**ENTRIES SHOWN:**

%%

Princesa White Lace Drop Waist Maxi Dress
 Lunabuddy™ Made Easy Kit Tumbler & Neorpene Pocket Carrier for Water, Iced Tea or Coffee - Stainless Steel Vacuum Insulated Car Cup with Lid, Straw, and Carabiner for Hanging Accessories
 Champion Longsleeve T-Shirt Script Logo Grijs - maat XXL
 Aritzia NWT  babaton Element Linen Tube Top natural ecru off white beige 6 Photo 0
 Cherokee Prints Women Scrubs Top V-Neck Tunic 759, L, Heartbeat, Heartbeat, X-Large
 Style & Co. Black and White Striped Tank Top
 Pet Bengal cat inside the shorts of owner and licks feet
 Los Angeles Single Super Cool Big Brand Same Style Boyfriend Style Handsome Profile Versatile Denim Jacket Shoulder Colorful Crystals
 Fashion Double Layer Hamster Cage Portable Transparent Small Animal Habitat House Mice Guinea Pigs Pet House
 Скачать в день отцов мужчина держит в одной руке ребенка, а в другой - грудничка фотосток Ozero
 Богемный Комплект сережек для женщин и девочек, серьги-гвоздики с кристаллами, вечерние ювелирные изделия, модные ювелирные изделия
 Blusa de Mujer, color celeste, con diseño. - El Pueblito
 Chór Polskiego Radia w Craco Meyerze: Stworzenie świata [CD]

%%

**EXERCISE GOAL:**
Every line above that has the string "Style" needs to be copied.

**RESULT:**
 Style & Co. Black and White Striped Tank Top
 Los Angeles Single Super Cool Big Brand Same Style Boyfriend Style Handsome Profile Versatile Denim Jacket Shoulder Colorful Crystals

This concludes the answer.